Instagram’s had a good run in China, but will the Facebook buyout ruin things?


Instagram’s had a good run in China, but will the Facebook buyout ruin things?

Despite Instagram’s lack of an office in China, the company has seen steady adoption in the world’s most populous nation. However, with the pieces falling into place for Facebook’s acquisition, Instagram could be in danger of being blocked in the country.

Facebook is nearly finished with the regulatory hurdles required for its purchase of the photo-sharing service, which was initially valued at $1 billion in April when the deal was announced, but has slid to around $700 million as Facebook’s stock has declined. The UK’s competition watchdog and the US Federal Trade Commission are both allowing the deal to go through, and a California Department of Corporations hearing that took place this week was one of the final steps.
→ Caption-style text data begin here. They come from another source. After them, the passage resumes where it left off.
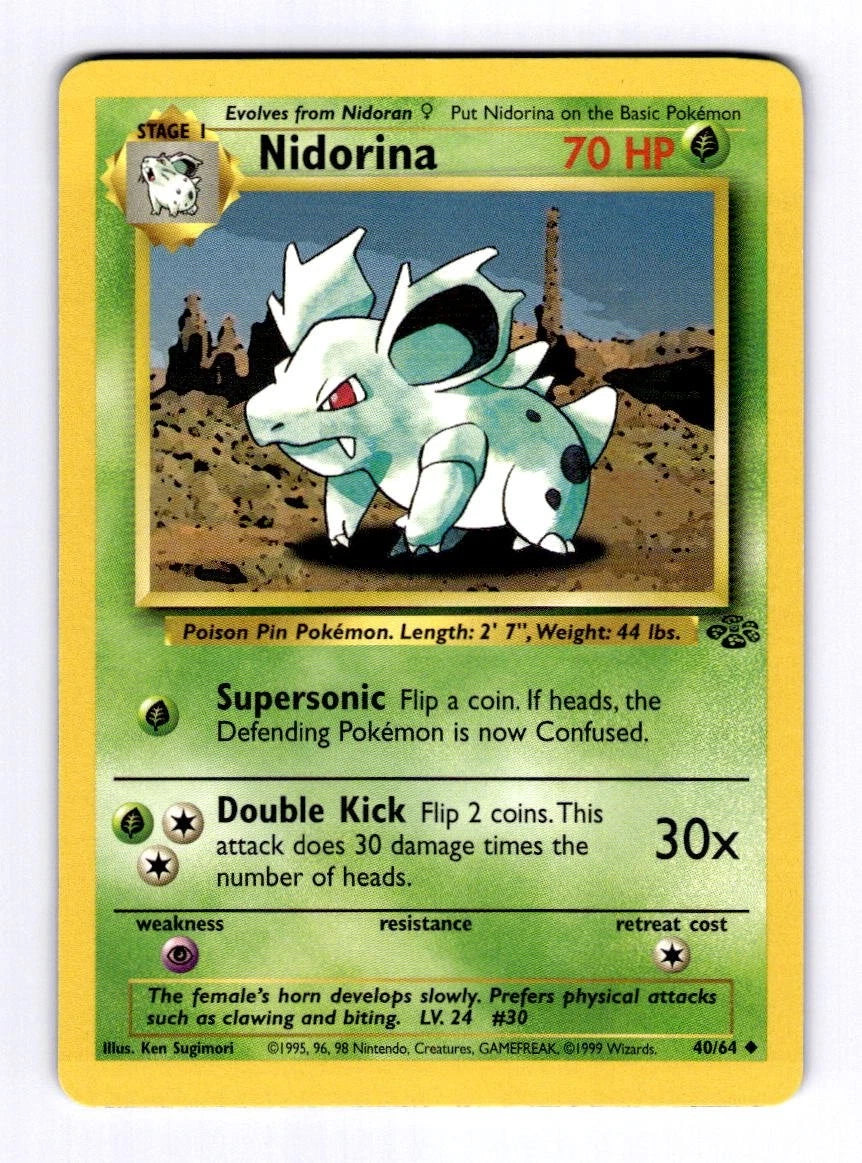 Nidorina 40/64 Jungle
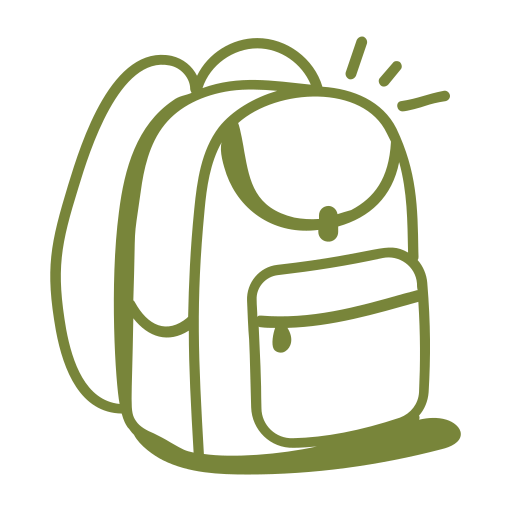 Sac à dos icon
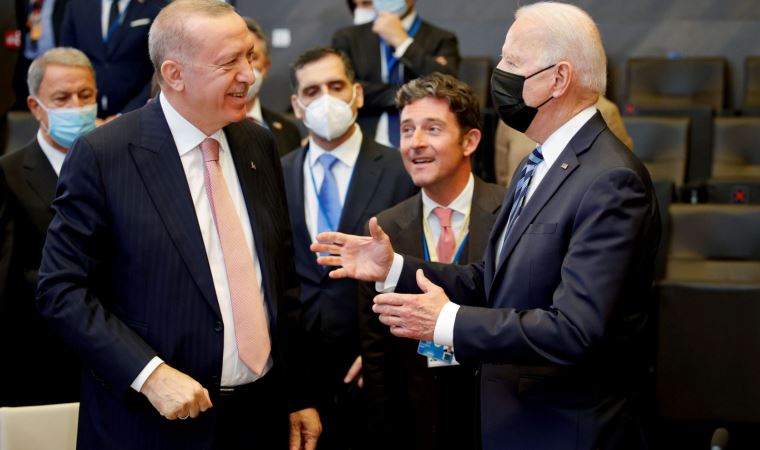 Biden'dan Erdoğan görüşmesi açıklaması: "Toplantımızla ilgili iyi şeyler hissediyorum"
However, considering that Facebook has been inaccessible in China for several years, mainland Instagram users (full disclosure: I’m one of them) have voiced concern that the service will be disrupted after Facebook takes over the reins.

While Instagram’s post-acquisition status in China could remain unchanged, Facebook isn’t known for having the best relationship with the Chinese government. It takes a special finesse for a large foreign social network to dodge the ban hammer in China, and Mark Zuckerberg’s company doesn’t have the best track record.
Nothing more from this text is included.